Apart from the pictures, write out the records that follow exactly.

(Scraped caption text data)
----
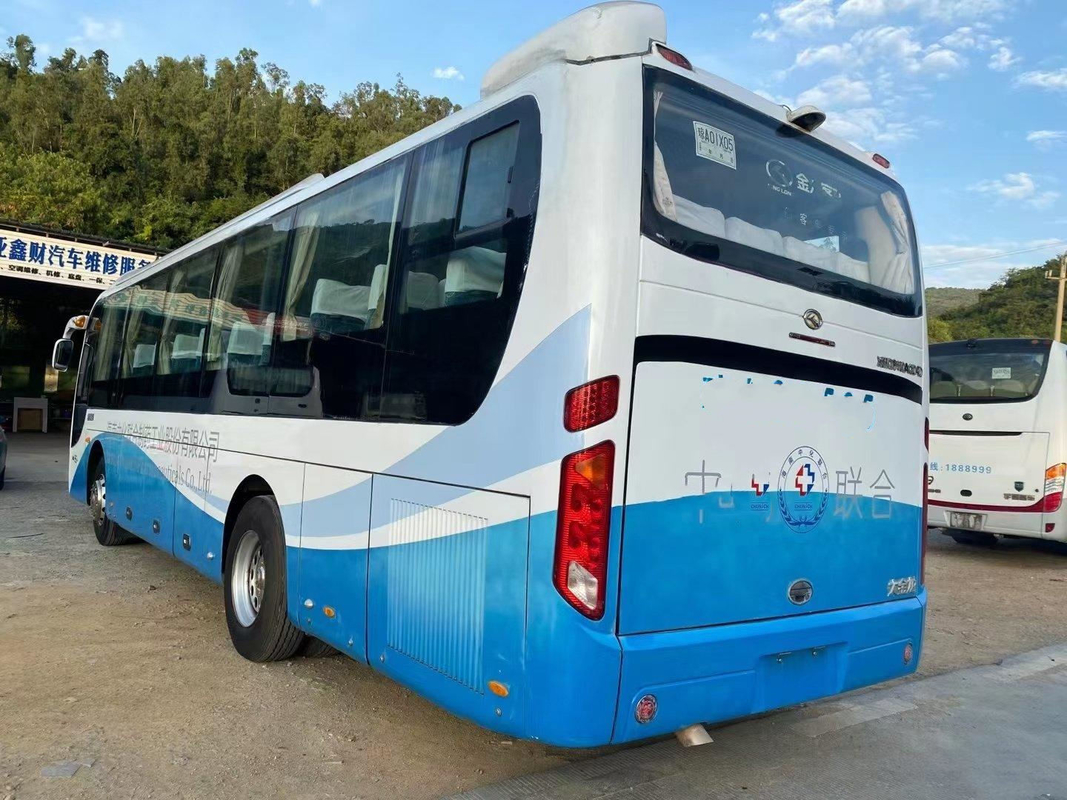 تستخدم حافلة King Long XMQ6110 Buses Coach 55 مقعدًا ببابين Euro IV 2 + 3 Layout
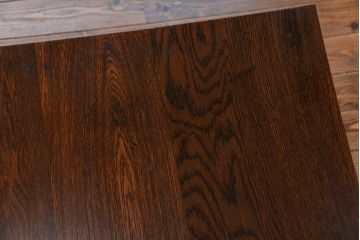 アンティーク家具　アンティーク 古い木のシンプルで上品なサイドテーブル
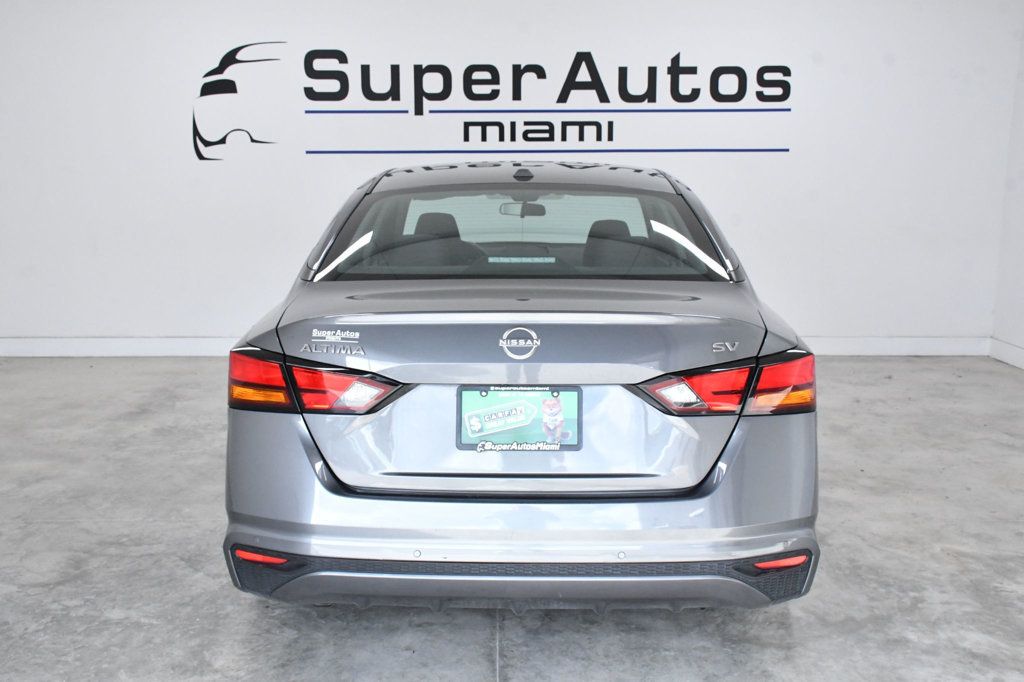 2024 Nissan Altima 2.5 SV Sedan - 22952588 - 4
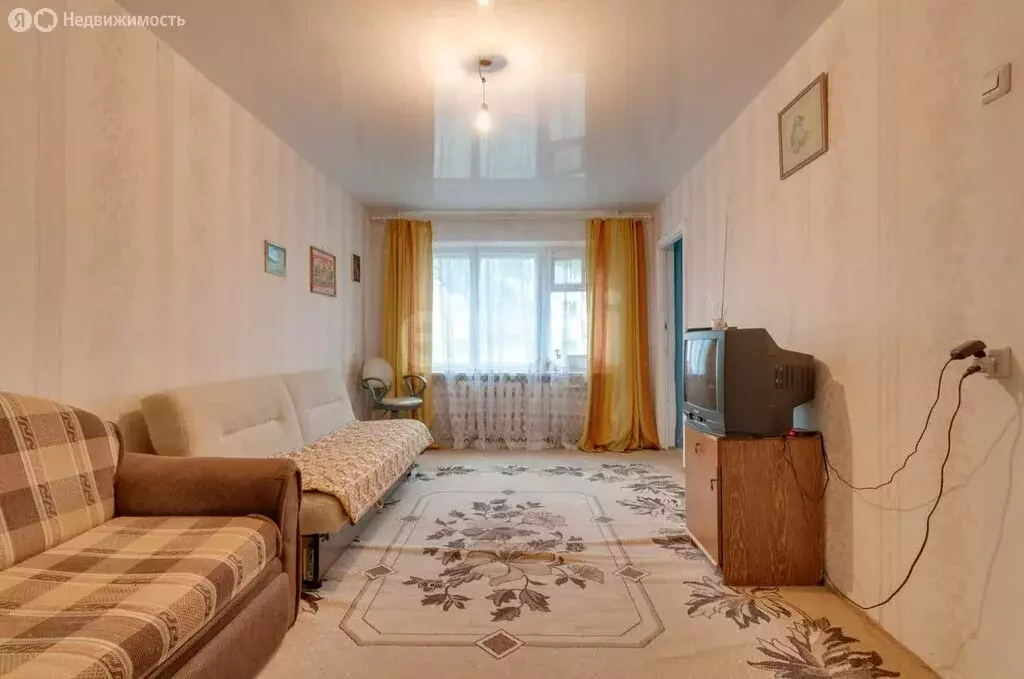 3-комнатная квартира: Вологда, улица Маяковского, 24 (58.4 м) - Фото 2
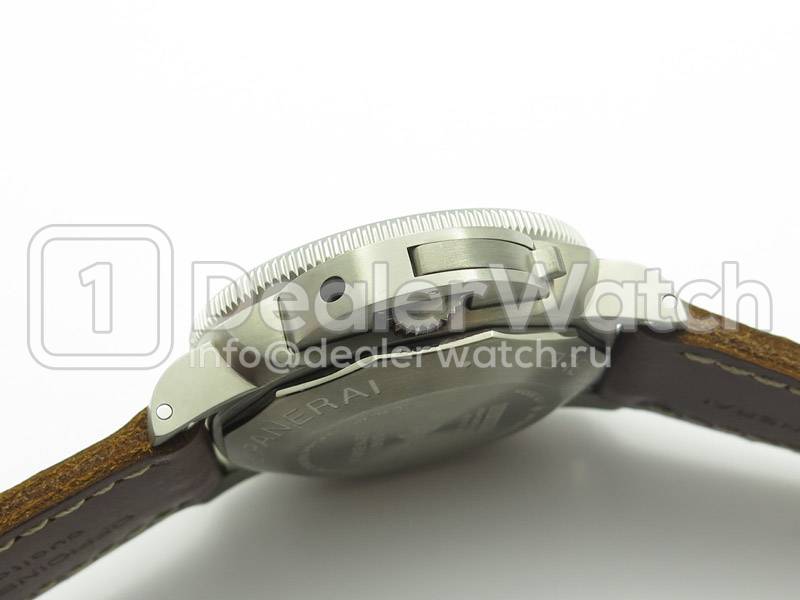 Часы Officine Panerai Luminor Submersible PAM 569 Destro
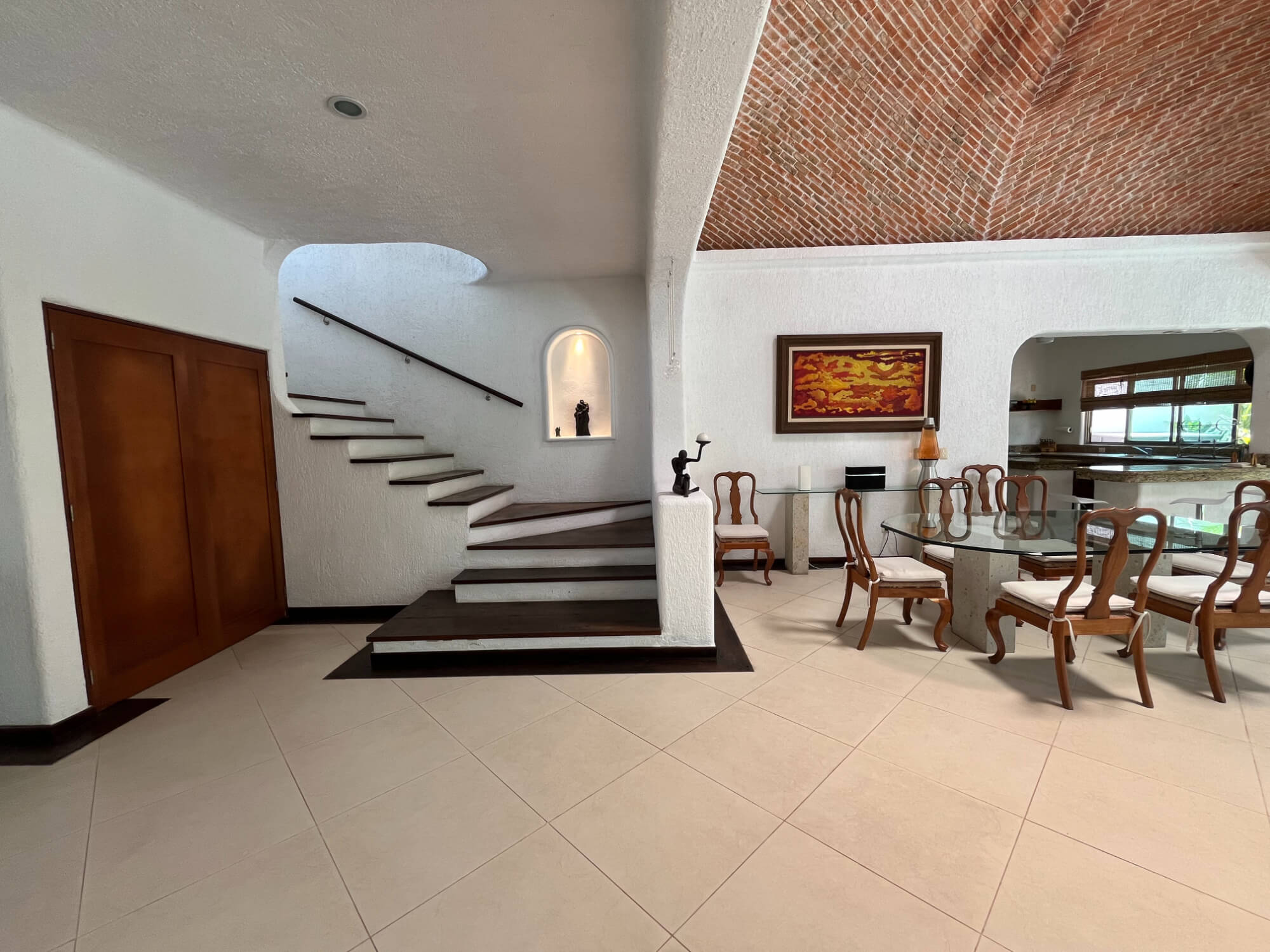 Casa frente al lago, alberca privada, muelle con acceso al lago para kayaks, area de spa y regadera con vapor, en residencial con casa club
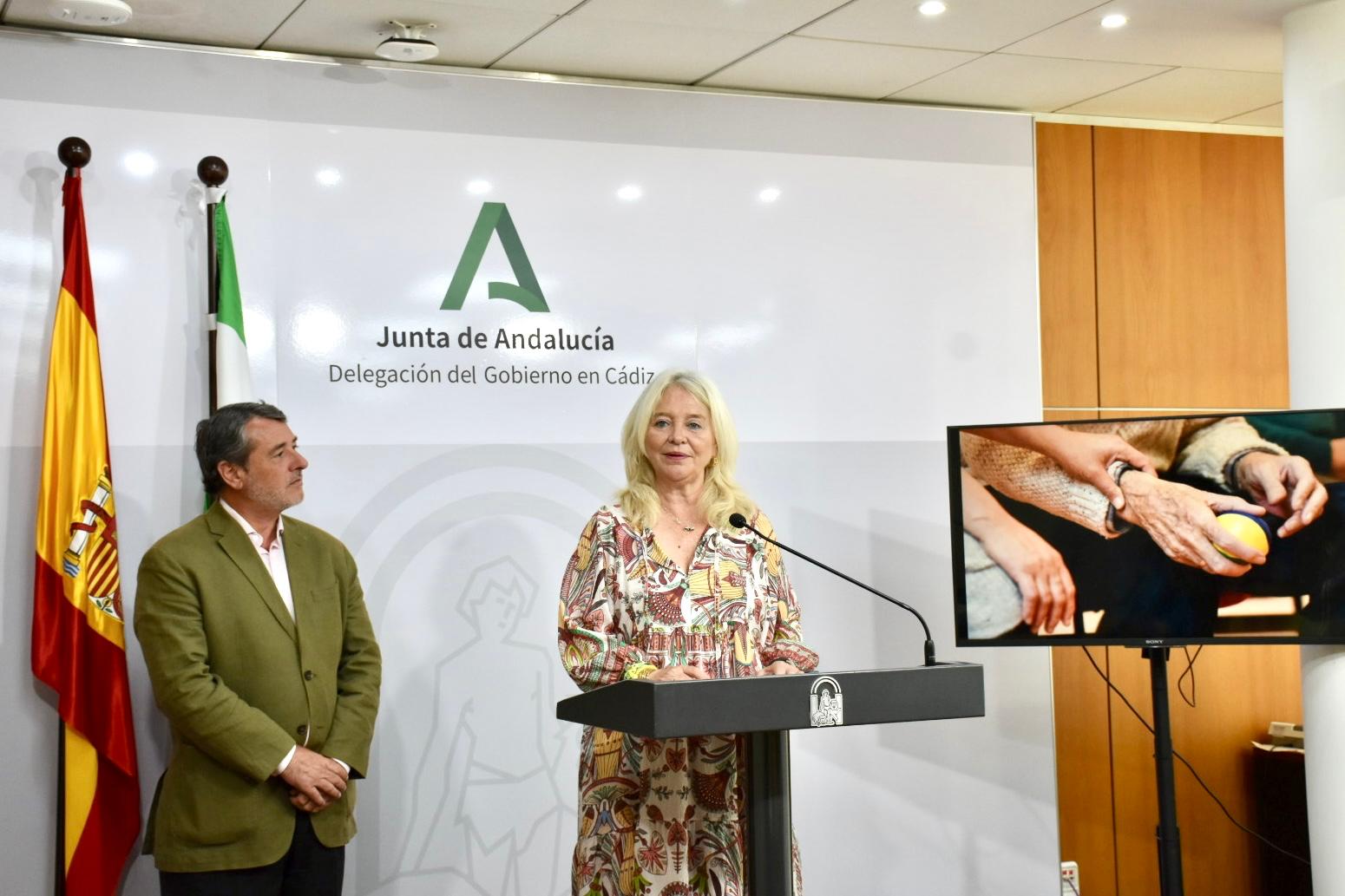 La delegada del Gobierno de la Junta de Andalucía en Cádiz; Mercedes Colombo, presenta las ayudas que la Consejería de Inclusión Social, Juventud, Familias e Igualdad para la provincia de Cádiz. 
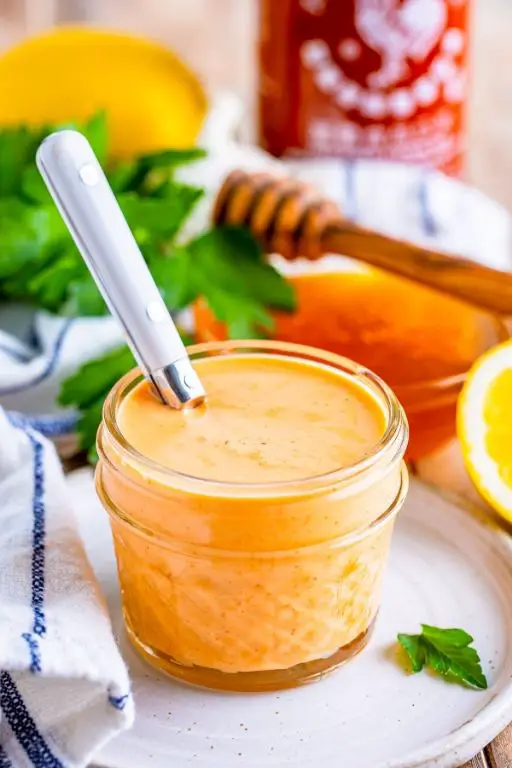 Spicy Sriracha Mayo Bread Dip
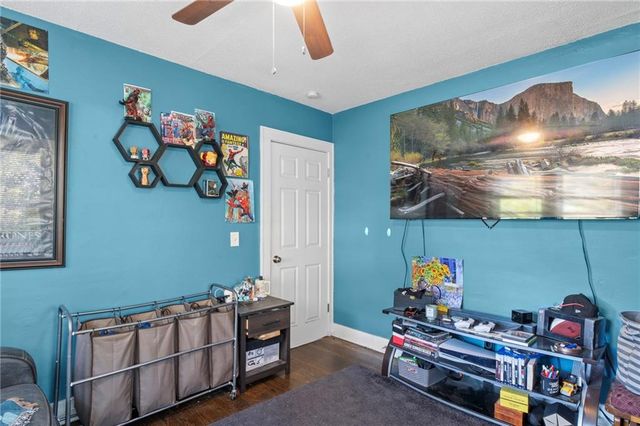 2804 NE Parvin Road, Kansas City, MO 64117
----
▶ **OUTPUT FOR THIS TASK**
 تستخدم حافلة King Long XMQ6110 Buses Coach 55 مقعدًا ببابين Euro IV 2 + 3 Layout
 アンティーク家具　アンティーク 古い木のシンプルで上品なサイドテーブル
 2024 Nissan Altima 2.5 SV Sedan - 22952588 - 4
 3-комнатная квартира: Вологда, улица Маяковского, 24 (58.4 м) - Фото 2
 Часы Officine Panerai Luminor Submersible PAM 569 Destro
 Casa frente al lago, alberca privada, muelle con acceso al lago para kayaks, area de spa y regadera con vapor, en residencial con casa club
 La delegada del Gobierno de la Junta de Andalucía en Cádiz; Mercedes Colombo, presenta las ayudas que la Consejería de Inclusión Social, Juventud, Familias e Igualdad para la provincia de Cádiz. 
 Spicy Sriracha Mayo Bread Dip
 2804 NE Parvin Road, Kansas City, MO 64117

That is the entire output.